Data by Yahoo! Finance
By just looking at Conoco's "big oil" US peers, it would seem that Conoco could still be a buy right here. After all, neither Chevron nor Exxon have the growth prospects that Conoco does. Also, neither of them have invested as enthusiastically in the shale as Conoco has, a decision which has buoyed Conoco's growth while Exxon (NYSE:XOM) and Chevron (NYSE:CVX) have continued to just muddle along. While Exxon and Chevron still have considerably higher cash margins per barrel, Conoco is working on that, too. Conoco probably deserves to trade at a valuation even with that of Exxon.
However, that is not likely to happen. Exxon's unrivalled size and diversity, coupled with a pristine balance sheet, make it the primary target for institutional investors who want oil and gas exposure. Admittedly, in an article I wrote last April, titled "Don't Even Think About Selling ConocoPhillips," I argued that Conoco should trade at a similar price to book ratio to what Exxon does. In retrospect, that was probably an incorrect assumption.
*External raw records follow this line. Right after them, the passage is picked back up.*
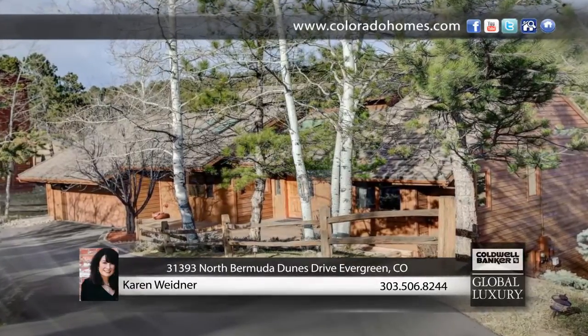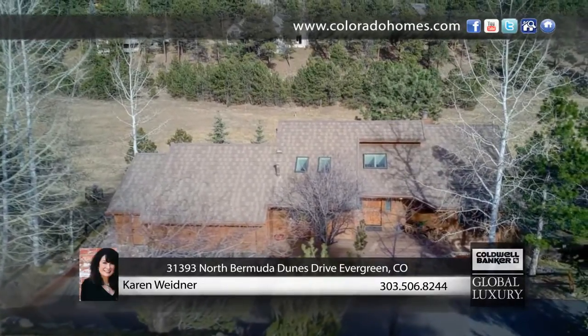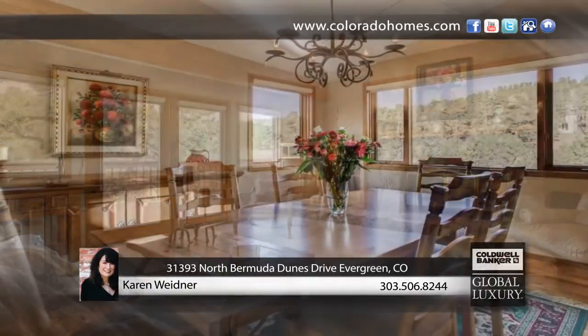Don't miss this rare opportunity in the Trails at Hiwan, one of Evergreen's most sought-after North Evergreen neighborhoods. This unique four-bedroom, three-bath, 3,000-square-foot mountain contemporary ranch will not disappoint.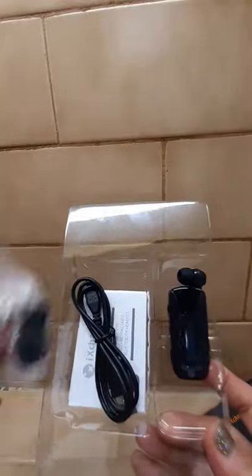Let's open it now. It has ear cushion, USB cable, manual, and of course the retractable headset.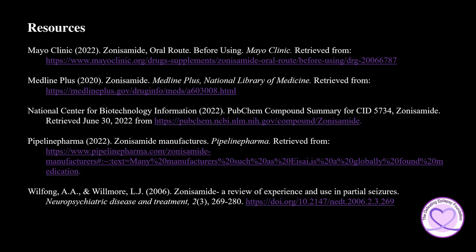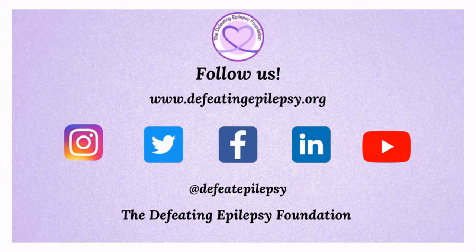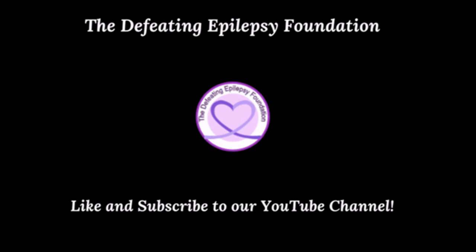To learn more about sonosimide, please check out the resources used in the presentation today. Please like and subscribe to our YouTube channel and follow us on our social media pages. We would love to hear from you — leave a comment below or email us at info at defeatingepilepsy.org. Thank you for your support and together we will defeat epilepsy. Check out our other great videos and subscribe today. You have the power to defeat epilepsy.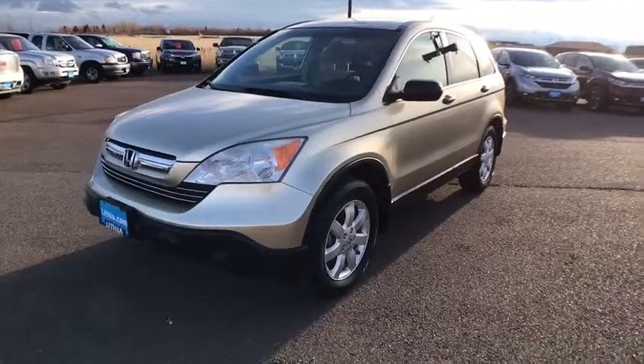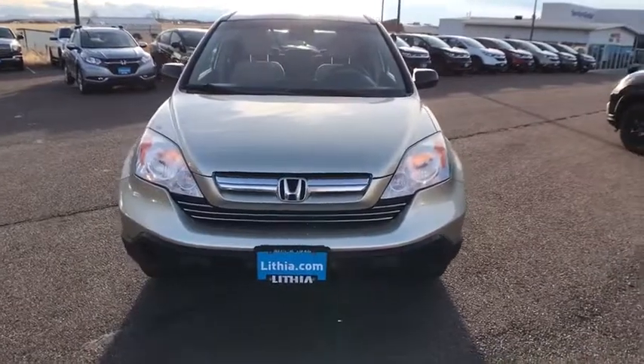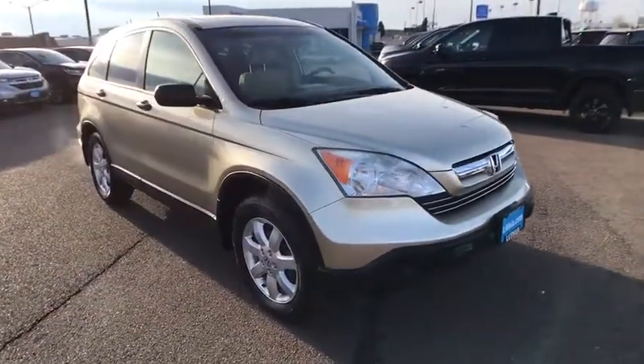A 2008 Honda CR-V — a top recommended vehicle because of its car-like driving manners, good value, cool technology, and comfy interior.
With that in mind, 1.86 times book is a reasonable valuation, but it is considerably higher than Chevron's valuation of 1.62 times. There's a reason for that: Both Conoco's performance and prospects are better than that of Chevron, and so Conoco deserves to trade at a premium to Chevron.
Personally, I sold half of my holding of Conoco in the mid $80 range earlier last month, primarily because I saw limited upside and potential uncertainty in domestic oil prices if the oil export ban is not lifted. While the drop to $81 over the last few weeks has been encouraging, at 1.86 times book Conoco is not the great buy that it used to be. I would consider Conoco to be a good value again if the company's price to book was comparable to that of Chevron. At 1.62 times book, shares of Conoco would be in the low $70s. That would also mean a dividend of around 4%.
ConocoPhillips was a great turnaround story a few years ago. That turnaround is now, for the most part, successfully completed. While that doesn't mean the company's production growth won't stop or that margins won't continue improving, I believe that the biggest gains are behind us. Enthusiasts of this company, and there are good reasons to be one, should look to add shares when Conoco's valuation is closer to that of its slower-growing peer, Chevron. That could be considered a good buy.
Disclosure: The author is long COP. The author wrote this article themselves, and it expresses their own opinions. The author is not receiving compensation for it (other than from Seeking Alpha). The author has no business relationship with any company whose stock is mentioned in this article.